La première colonie permanente fut établie en 1608 par l’entrepreneur et explorateur français Samuel de Champlain sur le site de la ville actuelle de Québec. Connu comme « le père de la Nouvelle-France », Champlain occupa une fonction équivalente à celle de gouverneur de 1608 jusqu’à sa mort en 1635. Malgré l’immense potentiel du territoire, peu de choses furent accomplies pendant cette période pour développer une colonie viable et durable. En 1641, soit 33 ans après l’établissement de la colonie, elle ne comptait que 240 habitants (La vie en Nouvelle-France(1), S.A. Cook). Dans le même temps, les colonies anglaises du sud comptaient environ 25.000 colons.
Avant la mort de Champlain, le gouvernement français avait autorisé une nouvelle compagnie à poursuivre le commerce, à accroître la colonie de façon permanente et à développer l’agriculture. « La Compagnie des Cent-Associés » développa le commerce de la fourrure, mais il y eut peu d’efforts et de progrès pour développer une entité autosuffisante dans le Nouveau Monde.
Le principal ministre d’État du roi Louis XIV, Jean-Baptiste Colbert, révoqua cette compagnie en 1663 et le gouvernement prit le contrôle direct de la colonie. Afin de s’assurer que la nouvelle colonie de la couronne soit dirigée avec intégrité, Colbert nomma un intendant qui serait responsable de la justice, de l’ordre public et des finances. L’homme choisi pour cette position était un gestionnaire averti et connu pour son caractère impeccable : Jean Talon. Il devait être les yeux du roi dans la colonie, garantir l’absence de corruption, vérifier que l’armée était bien équipée et approvisionnée, et travailler afin de rendre la colonie financièrement indépendante. Il arriva en Nouvelle-France le 15 septembre 1665.
Talon y trouva une colonie balbutiante, en piteux état, négligée et désorganisée. La population française dans la région stagnait autour de 3000 individus, alors que plus de 100.000 colons habitaient dans les colonies anglaises du sud. La colonie était également sous la menace constante des Iroquois, qui cherchaient à récupérer le territoire qu’ils avaient perdu face aux Hurons et aux Algonquins au siècle précédent. Lorsque Champlain arriva en 1608, les Algonquins avaient chassé les Iroquois vers le sud. Les Français nouèrent une alliance avec les Hurons et les Algonquins. Ainsi, les Français se retrouvaient en guerre contre les Iroquois.

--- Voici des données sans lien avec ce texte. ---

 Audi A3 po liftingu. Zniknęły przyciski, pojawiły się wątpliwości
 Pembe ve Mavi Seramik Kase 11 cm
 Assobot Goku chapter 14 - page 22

Talon commença par assurer la sécurité de la colonie. Les 1200 soldats d’un des meilleurs régiments français, celui de Carignan-Salières, furent envoyés en Nouvelle-France dès 1665. Talon s’assura que ces hommes soient bien approvisionnés et bien armés. Ainsi renforcé et bien équipé, même aux avant-postes éloignés, le régiment supprima la menace iroquoise dès 1667, en donnant à la Nouvelle-France l’opportunité de se développer en paix.
L’intendant lança ensuite un programme de développement industriel, comprenant la construction de navires, l’exploitation minière, ainsi que la création de fonderies et de fabriques d’acier. Un métier à tisser fut remis à chaque ménage agricole afin de fabriquer des produits de chanvre et de laine. Talon mit en place des tribunaux, une force de police et il établit l’ordre dans la Nouvelle-France. Les tribunaux étant inondés de plaintes, Talon mit en place des mesures incitatives afin d’encourager les résolutions à l’amiable. Il administra la justice dans la colonie avec impartialité entre les riches et les pauvres, en se forgeant une réputation d’incorruptibilité.

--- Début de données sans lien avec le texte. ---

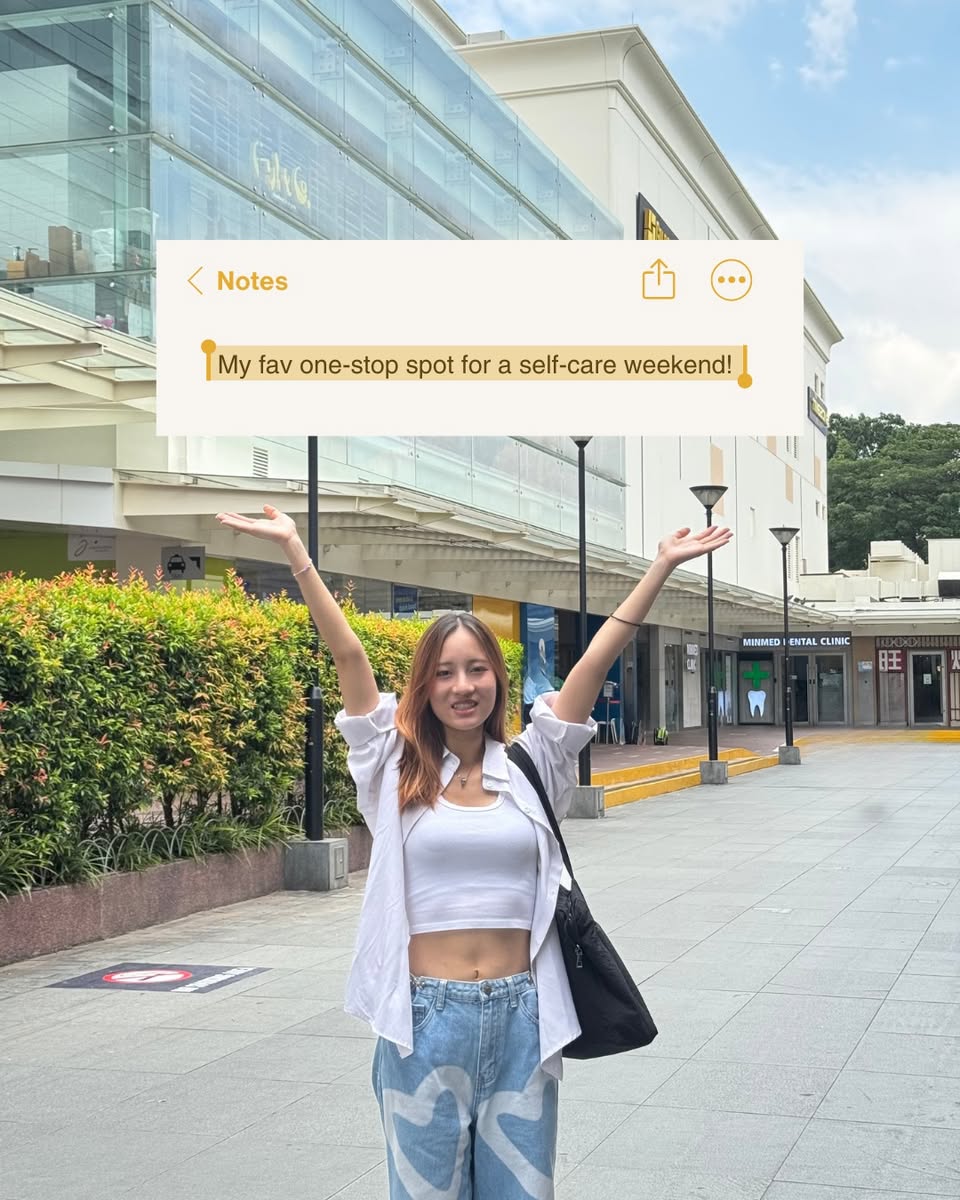 Skincare products arranged aesthetically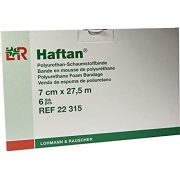 LOHMANN & RAUSCHER Haftan 7 cm x 27,5 m habosított pólya (underwrap) 6db/doboz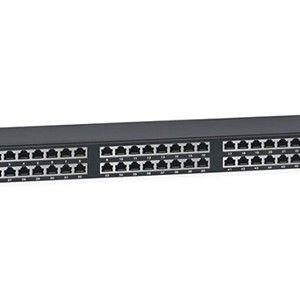 Патч-панель 19" UTP  48  портов RJ-45, категория 5e, Dual IDC (экранированная)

Mais la colonie avait toujours besoin de plus de colons et de croissance locale. Talon créa un plan pour attirer des colons parmi les citoyens français ne possédant pas de terres. Pour de nombreux jeunes hommes en France, le fait de posséder sa propre terre était un rêve inatteignable. Talon mit en place un système selon lequel, après avoir travaillé trois ans pour un autre colon, ceux qui avaient émigré vers le Nouveau Monde pouvaient recevoir une terre et des ressources (une charrue et l’équipement nécessaire pour tenir deux années) afin de les aider à démarrer. En 1672, cette politique avait attiré plus de 1500 futurs colons, sous le statut de serviteurs à contrat. La colonie subvenait à ses besoins en blé, tout en exportant de l’orge, des pois et du houblon en 1668.

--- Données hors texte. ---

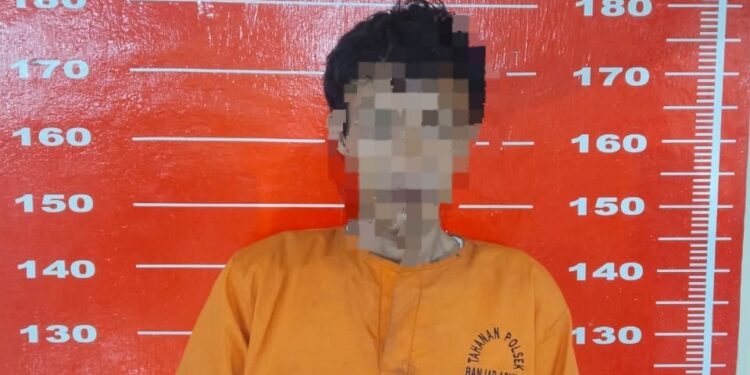 Motor Honda Vario Raib Saat Terparkir di Depan Rumah, Tim URC Polres Tulang Bawang Dan Unit Reskrim Banjar Agung Bergerak Cepat—Satu Pelaku Diciduk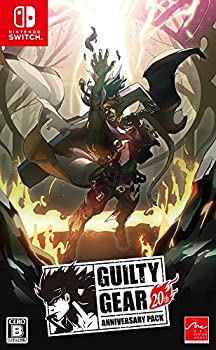 【中古】(未当てはめる品)GUILTY GEAR(ギルティギア) 20th ANNIVERSARY PACK - Switch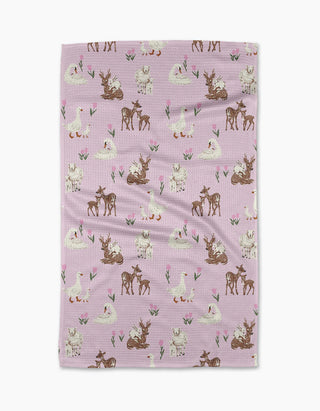 Geometry Kitchen Tea Towels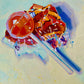 Cola Lollipop - Original Oil Painting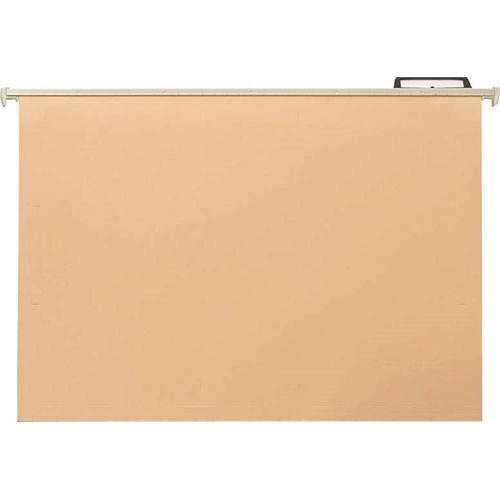 ライオン事務器 ハンガーフォルダー B6判 クリーム B6-HF-20P 20冊入 134-08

Contrairement à la politique anglaise, Colbert ne voulait pas d’une émigration française massive, donc la croissance de la Nouvelle-France fut beaucoup plus lente que l’expansion rapide des colonies anglaises. Cela posa un autre problème à Talon. En 1665, la Nouvelle-France comptait six hommes pour une femme parmi les adultes. Un tel déséquilibre ne favorisait pas la croissance naturelle, ni une installation à long terme. Avec l’accord de Colbert, Talon obtint que le gouvernement sélectionne, prépare et envoie vers la Nouvelle-France des femmes en âge de se marier. Environ 900 jeunes femmes firent ainsi le voyage entre 1665 et 1673.
Elles furent connues sous le nom de « filles du roi ». Les critères de sélection concernaient la santé, le bon caractère et la capacité probable à s’établir dans des territoires reculés. Beaucoup étaient des orphelines qui avaient été élevées dans des institutions caritatives, mais certaines étaient de « haute naissance » et elles étaient destinées à épouser les officiers du régiment de Carignan-Salières. Plus tard, certains auteurs les qualifièrent à tort de femmes de mauvaise réputation. Au contraire, il était impératif qu’elles aient une bonne réputation. Beaucoup furent spécialement entraînées pour être débrouillardes et suffisamment qualifiées pour élire domicile dans ce territoire.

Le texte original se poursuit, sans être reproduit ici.